Can you help me please?

Regards,
arenist

Re: No notification after an error

Posted: Mon Feb 09, 2015 4:12 pm
by tgriep
Are the contacts in the contact groups "admins" and "ias_log" setup to receive notifications?
Could you post the settings for those groups and the users assigned to them?
Also, is the server setup with notifications enabled?

Re: No notification after an error

Posted: Tue Feb 10, 2015 8:16 am
by arenist
Hi tgriep,

my contacts.cfg is configured well. I think I found out myself why nagios didn't post the incident.

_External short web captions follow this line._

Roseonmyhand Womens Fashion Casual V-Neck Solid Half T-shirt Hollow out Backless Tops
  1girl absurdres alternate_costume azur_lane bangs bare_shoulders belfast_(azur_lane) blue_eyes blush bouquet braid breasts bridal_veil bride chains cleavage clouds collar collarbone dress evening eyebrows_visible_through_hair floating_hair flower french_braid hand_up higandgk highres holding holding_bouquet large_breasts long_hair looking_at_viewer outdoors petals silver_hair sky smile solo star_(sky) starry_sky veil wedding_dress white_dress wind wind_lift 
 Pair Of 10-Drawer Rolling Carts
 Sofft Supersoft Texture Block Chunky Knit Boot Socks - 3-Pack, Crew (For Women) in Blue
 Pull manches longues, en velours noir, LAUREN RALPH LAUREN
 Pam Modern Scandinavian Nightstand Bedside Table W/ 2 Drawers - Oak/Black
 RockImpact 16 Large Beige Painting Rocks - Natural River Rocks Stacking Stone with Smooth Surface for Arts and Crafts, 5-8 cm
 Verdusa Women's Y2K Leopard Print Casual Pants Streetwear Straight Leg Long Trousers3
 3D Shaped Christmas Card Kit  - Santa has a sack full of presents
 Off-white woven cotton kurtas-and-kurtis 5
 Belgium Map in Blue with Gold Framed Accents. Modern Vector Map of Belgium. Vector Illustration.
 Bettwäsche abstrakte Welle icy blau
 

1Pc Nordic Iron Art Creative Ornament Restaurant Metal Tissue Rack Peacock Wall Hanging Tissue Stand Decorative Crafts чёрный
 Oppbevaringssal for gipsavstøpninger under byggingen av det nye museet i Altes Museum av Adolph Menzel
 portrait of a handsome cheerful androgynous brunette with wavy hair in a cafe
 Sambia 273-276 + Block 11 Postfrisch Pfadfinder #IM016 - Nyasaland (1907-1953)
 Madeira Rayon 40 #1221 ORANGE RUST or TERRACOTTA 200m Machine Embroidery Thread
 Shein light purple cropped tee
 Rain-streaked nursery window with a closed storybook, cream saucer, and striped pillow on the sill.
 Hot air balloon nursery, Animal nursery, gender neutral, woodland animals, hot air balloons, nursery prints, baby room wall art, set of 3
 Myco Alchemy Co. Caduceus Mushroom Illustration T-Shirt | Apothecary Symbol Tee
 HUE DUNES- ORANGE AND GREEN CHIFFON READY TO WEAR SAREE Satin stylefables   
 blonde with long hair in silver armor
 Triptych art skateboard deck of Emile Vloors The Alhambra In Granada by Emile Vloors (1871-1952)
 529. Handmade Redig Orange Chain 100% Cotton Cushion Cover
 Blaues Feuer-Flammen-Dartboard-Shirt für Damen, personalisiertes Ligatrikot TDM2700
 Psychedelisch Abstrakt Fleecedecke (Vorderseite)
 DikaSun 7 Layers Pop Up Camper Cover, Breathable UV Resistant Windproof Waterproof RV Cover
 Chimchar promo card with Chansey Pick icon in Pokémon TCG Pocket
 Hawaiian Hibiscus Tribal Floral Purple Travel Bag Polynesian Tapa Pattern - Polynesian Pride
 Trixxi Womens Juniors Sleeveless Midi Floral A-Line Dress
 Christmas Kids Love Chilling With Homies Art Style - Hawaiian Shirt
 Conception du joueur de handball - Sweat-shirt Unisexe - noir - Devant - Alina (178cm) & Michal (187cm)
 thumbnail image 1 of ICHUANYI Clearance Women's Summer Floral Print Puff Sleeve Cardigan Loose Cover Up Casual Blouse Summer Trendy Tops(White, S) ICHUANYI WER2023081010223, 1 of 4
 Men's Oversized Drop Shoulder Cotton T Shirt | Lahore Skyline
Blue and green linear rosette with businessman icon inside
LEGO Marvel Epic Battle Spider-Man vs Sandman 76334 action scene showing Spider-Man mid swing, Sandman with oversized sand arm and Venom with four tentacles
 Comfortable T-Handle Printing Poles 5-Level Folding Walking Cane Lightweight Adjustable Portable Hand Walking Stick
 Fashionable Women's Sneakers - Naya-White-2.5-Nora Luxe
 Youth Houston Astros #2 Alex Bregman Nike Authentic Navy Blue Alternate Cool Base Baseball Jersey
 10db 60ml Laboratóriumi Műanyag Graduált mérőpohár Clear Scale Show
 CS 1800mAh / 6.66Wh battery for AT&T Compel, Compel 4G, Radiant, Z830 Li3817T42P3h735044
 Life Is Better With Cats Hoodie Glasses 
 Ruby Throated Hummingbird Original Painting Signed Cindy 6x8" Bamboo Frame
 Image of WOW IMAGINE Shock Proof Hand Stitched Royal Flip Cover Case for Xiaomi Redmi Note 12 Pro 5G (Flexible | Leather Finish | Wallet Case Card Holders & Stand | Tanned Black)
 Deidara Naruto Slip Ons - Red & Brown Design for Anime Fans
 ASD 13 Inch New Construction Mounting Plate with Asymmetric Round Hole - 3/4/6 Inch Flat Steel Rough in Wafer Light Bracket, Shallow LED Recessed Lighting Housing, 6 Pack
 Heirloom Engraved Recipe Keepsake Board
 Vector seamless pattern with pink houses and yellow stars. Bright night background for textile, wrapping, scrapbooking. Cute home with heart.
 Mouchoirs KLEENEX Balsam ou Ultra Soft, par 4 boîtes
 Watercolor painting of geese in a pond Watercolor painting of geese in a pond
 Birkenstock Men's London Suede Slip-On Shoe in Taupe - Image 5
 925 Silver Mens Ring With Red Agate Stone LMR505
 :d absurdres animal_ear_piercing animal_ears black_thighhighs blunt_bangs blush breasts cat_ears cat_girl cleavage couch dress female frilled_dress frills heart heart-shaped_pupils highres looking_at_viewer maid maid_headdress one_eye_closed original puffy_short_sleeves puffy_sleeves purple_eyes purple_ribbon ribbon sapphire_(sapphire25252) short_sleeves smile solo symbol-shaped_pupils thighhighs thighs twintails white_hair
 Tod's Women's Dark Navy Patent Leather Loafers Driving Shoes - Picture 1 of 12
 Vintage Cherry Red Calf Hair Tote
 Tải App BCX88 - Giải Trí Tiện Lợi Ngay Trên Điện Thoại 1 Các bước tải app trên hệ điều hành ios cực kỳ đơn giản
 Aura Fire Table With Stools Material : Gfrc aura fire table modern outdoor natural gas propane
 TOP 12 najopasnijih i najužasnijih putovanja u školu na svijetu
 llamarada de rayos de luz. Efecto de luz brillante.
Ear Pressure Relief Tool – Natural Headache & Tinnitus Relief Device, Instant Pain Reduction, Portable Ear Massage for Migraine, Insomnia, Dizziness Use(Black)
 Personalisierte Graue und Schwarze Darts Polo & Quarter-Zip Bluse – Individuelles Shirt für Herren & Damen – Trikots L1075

The service "ElsaMarke Errors" on server majb-vp-11 was flapping:

Code: Select all

[1422946150] SERVICE FLAPPING ALERT: majb-vp-11;ElsaMarke errors;STARTED; Service appears to have started flapping (22.6% change >= 20.0% threshold)
...
[1423060750] SERVICE ALERT: majb-vp-11;ElsaMarke errors;CRITICAL;HARD;1;< at org.apache.catalina.valves.ErrorReportValve.invoke(ErrorReportValve.java:102) < Caused by: java.lang.OutOfMemoryError: GC overhead limit exceeded < 2015-02-04 15:34:50,394 [-0.0.0.0-8009-1] [elheller(m=312) ] ERROR interceptor.TxInterceptor - Serverfehler : app_inst bin boot dev etc home lib lib64 lost+found media misc mnt net opt proc root sbin selinux shared_data srv sys test_pdf tftpboot tmp usr var java.lang.OutOfMemoryError - GC overhead limit exceeded < at org.apache.catalina.valves.ErrorReportValve.invoke(ErrorReportValve.java:102) < Caused by: java.lang.OutOfMemoryError: GC overhead limit exceeded < 2015-02-04 15:34:50,395 [0.0.0.0-8009-18] [anblumst ] ERROR s.common.CommonWebService - Systemfehler : null < at org.apache.catalina.valves.ErrorReportValve.invoke(ErrorReportValve.java:102) < 2015-02-04 15:34:50,417 [orkManager(2)-7] [ankammac(m=7635) ] ERROR e.CommonStatelessBeanBase - java.io.IOException: Invalid HTTP server response [408] - Request Time-out < 2015-02-04 15:34:50,418 [orkManager(2
...
[1423079350] SERVICE FLAPPING ALERT: majb-vp-11;ElsaMarke errors;STOPPED; Service appears to have stopped flapping (3.8% change < 5.0% threshold)
If you agree to my thoughts you can close this thread.

Thanks for your investigations,
arenist

Re: No notification after an error

Posted: Tue Feb 10, 2015 10:11 am
by tmcdonald
Yes, that would make sense if you have flap detection enabled.